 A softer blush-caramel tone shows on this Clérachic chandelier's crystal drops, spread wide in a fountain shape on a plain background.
* * *
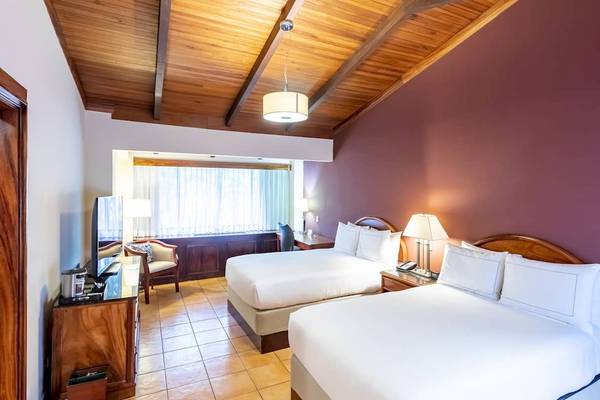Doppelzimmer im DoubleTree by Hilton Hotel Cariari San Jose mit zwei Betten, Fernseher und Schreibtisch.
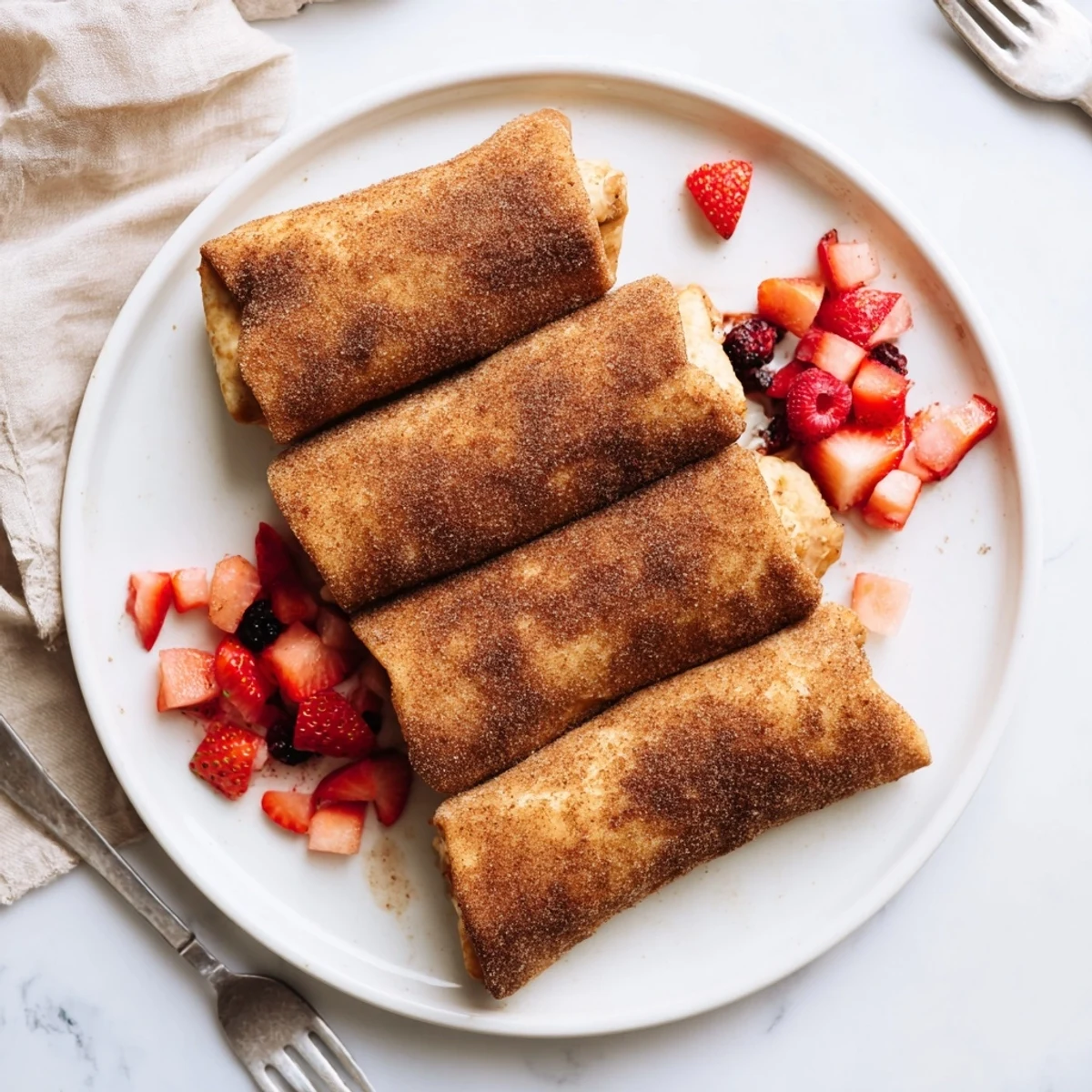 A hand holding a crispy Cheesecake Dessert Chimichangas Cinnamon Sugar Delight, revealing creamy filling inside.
---
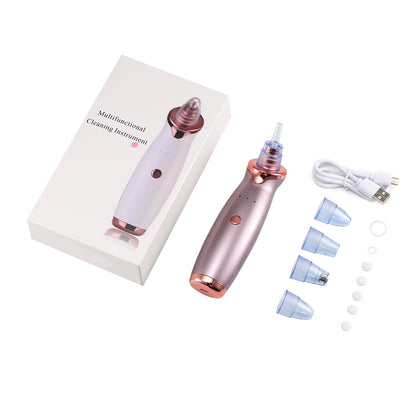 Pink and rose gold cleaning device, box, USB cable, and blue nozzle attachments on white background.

[YOUR ASSIGNMENT]:
Copy needed, without pictures: the lines of the listing above from the line containing "Doppelzimmer im DoubleTree" up to and including the line containing "A hand holding", set down exactly.

[EXPECTED ANSWER]:
Doppelzimmer im DoubleTree by Hilton Hotel Cariari San Jose mit zwei Betten, Fernseher und Schreibtisch.
 A hand holding a crispy Cheesecake Dessert Chimichangas Cinnamon Sugar Delight, revealing creamy filling inside.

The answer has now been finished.